[THE DATA Boundary: Start]
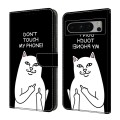 For Google Pixel 7 Pro 5G Crystal Painted Leather Phone case(Dont Touch My Phone)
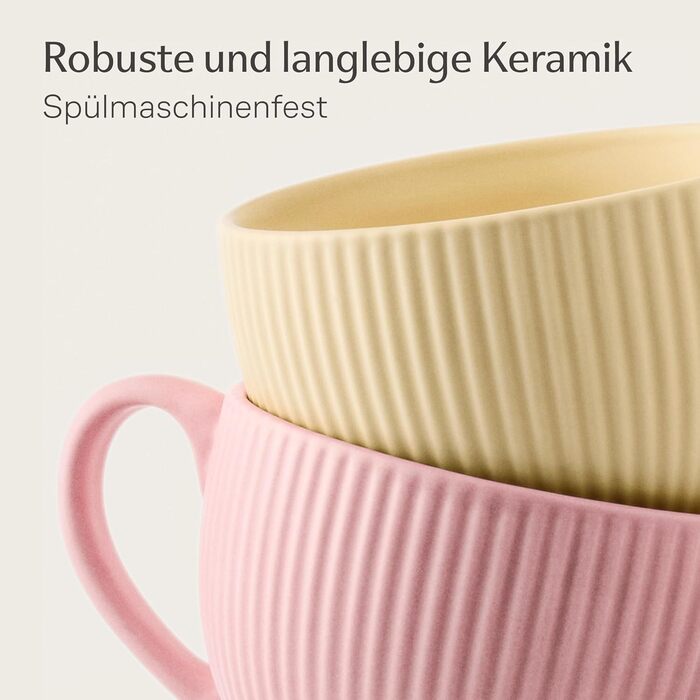 Капучино чашки Cosumy 6 шт. набір - 200 мл, кераміка, смугастий дизайн, миє в посудомийній машині, з ручкою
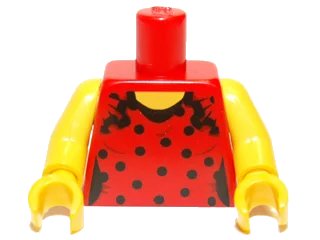 LEGO onderdeel Torso Female Bodice with Black Dots Pattern / Yellow Arms / Yellow Hands (973pb1023c01)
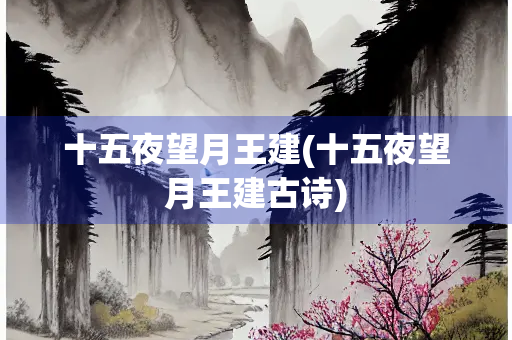 十五夜望月王建(十五夜望月王建古诗)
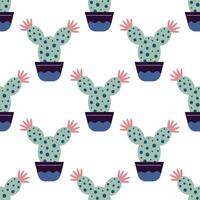 Cute cacti in boho style. Cactus seamless pattern. Trendy boho texture. Cacti fabric print design. Succulent textile. Flat design, doodle style, white background vector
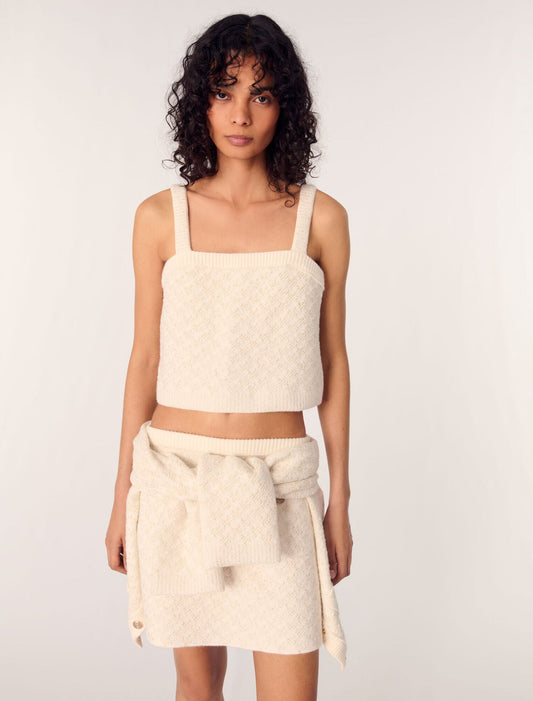 Ecru-Tweed-effect knit crop top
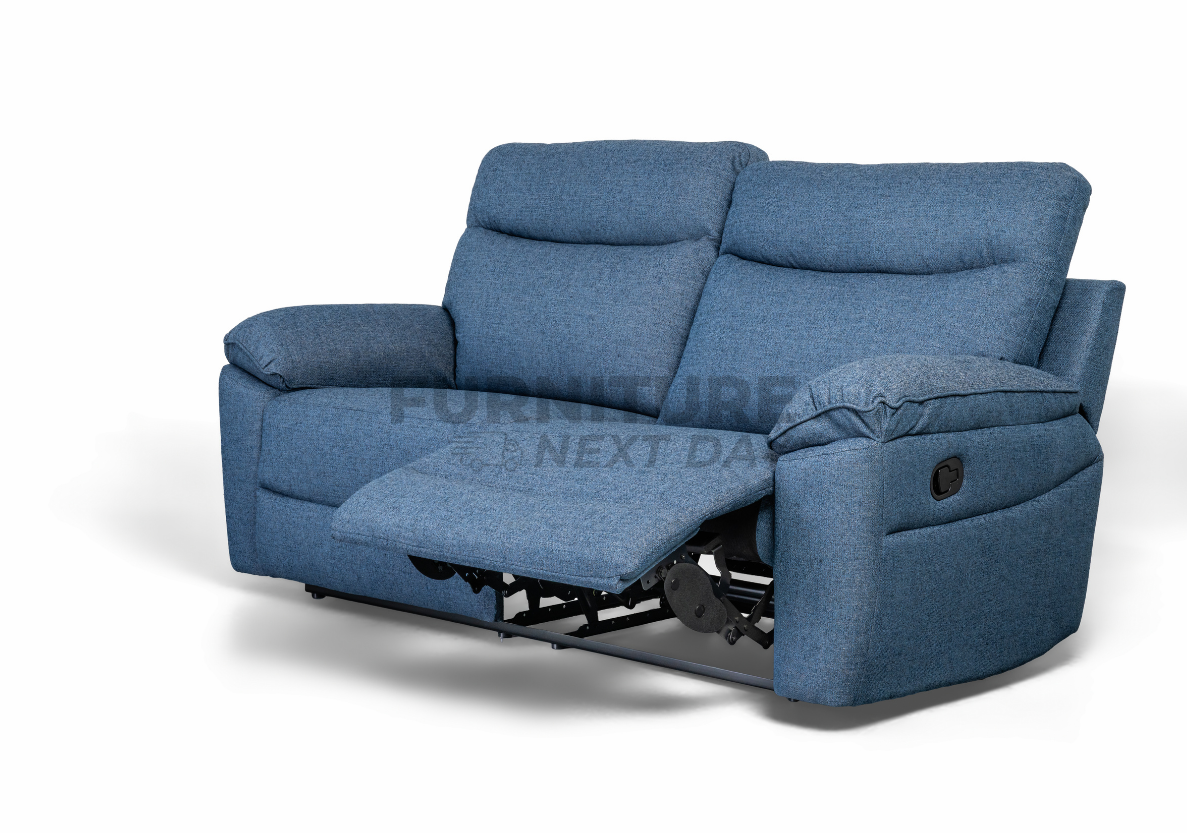 Violethill 3 Seater Fabric Manual Recliner- Dark Blue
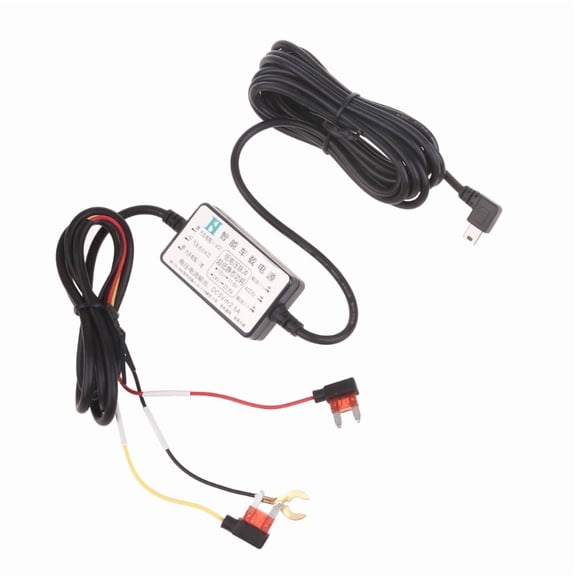 90° 3-Wire 12V~30V to 5V 2.5A Mini USB Cable Portable Car Charger Adapter Cord Power Box Wire Line for Mini USB Devices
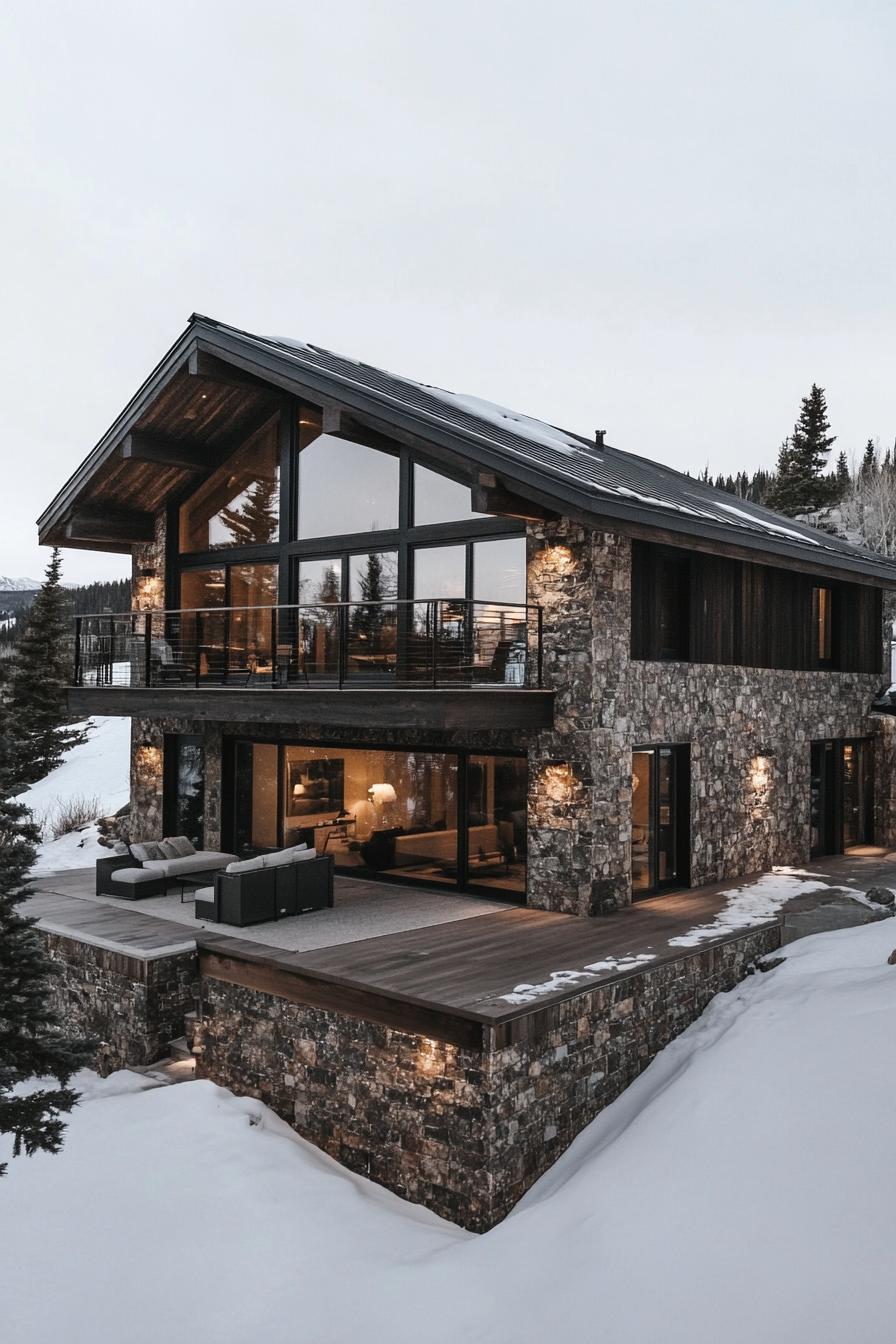 Modern stone cabin surrounded by snow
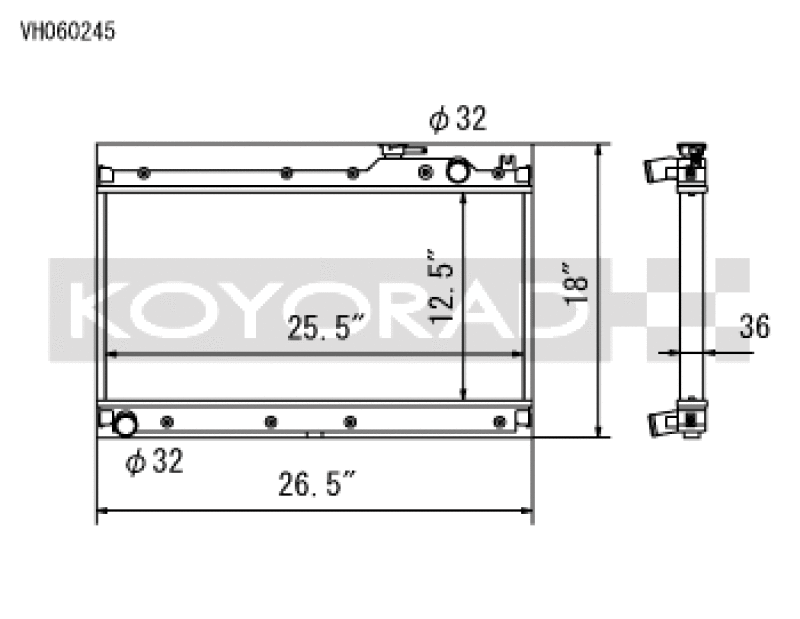 Koyo VH060245 89-97 Mazda MX-5 Miata 1.6/1.8L (MT) Radiator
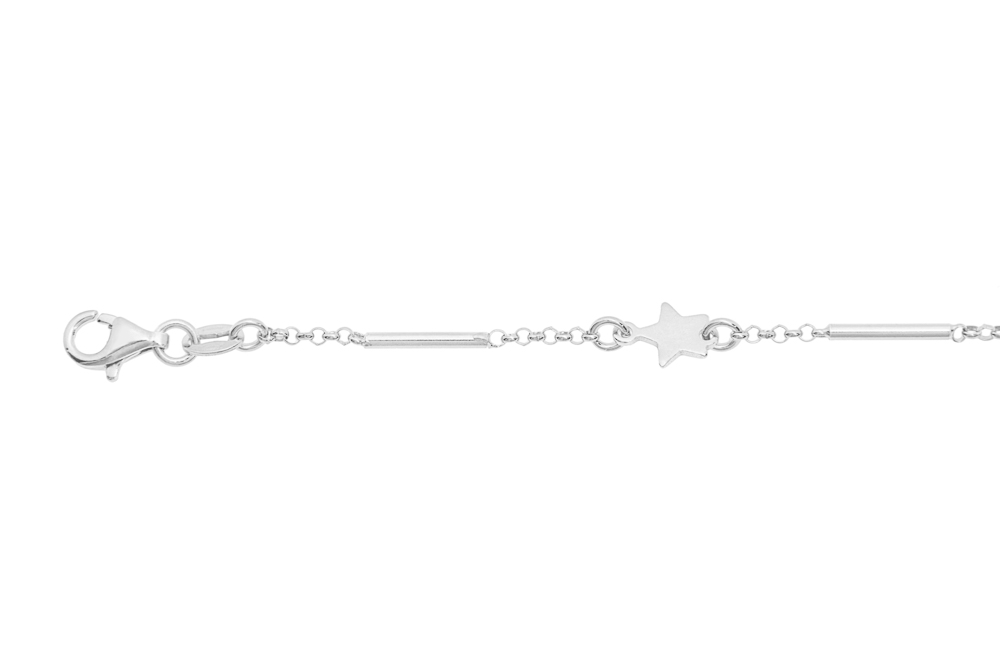 Silver 925 stars bracelet 16+5cm sterling silver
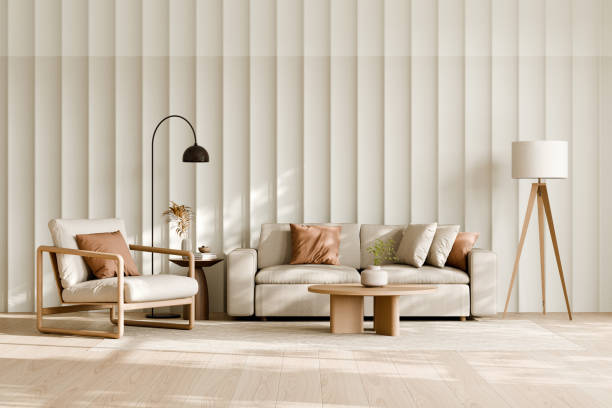 istock Modern living room with a beige and warm color palette. 3d render. 2171655062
[THE DATA Boundary: End]
■ WHAT IS BEING ASKED
Your answer must consist of the entries, unchanged, with no pictures in it.

■ EXPECTED ANSWER
 For Google Pixel 7 Pro 5G Crystal Painted Leather Phone case(Dont Touch My Phone)
 Капучино чашки Cosumy 6 шт. набір - 200 мл, кераміка, смугастий дизайн, миє в посудомийній машині, з ручкою
 LEGO onderdeel Torso Female Bodice with Black Dots Pattern / Yellow Arms / Yellow Hands (973pb1023c01)
 十五夜望月王建(十五夜望月王建古诗)
 Cute cacti in boho style. Cactus seamless pattern. Trendy boho texture. Cacti fabric print design. Succulent textile. Flat design, doodle style, white background vector
 Ecru-Tweed-effect knit crop top
 Violethill 3 Seater Fabric Manual Recliner- Dark Blue
 90° 3-Wire 12V~30V to 5V 2.5A Mini USB Cable Portable Car Charger Adapter Cord Power Box Wire Line for Mini USB Devices
 Modern stone cabin surrounded by snow
 Koyo VH060245 89-97 Mazda MX-5 Miata 1.6/1.8L (MT) Radiator
 Silver 925 stars bracelet 16+5cm sterling silver
 istock Modern living room with a beige and warm color palette. 3d render. 2171655062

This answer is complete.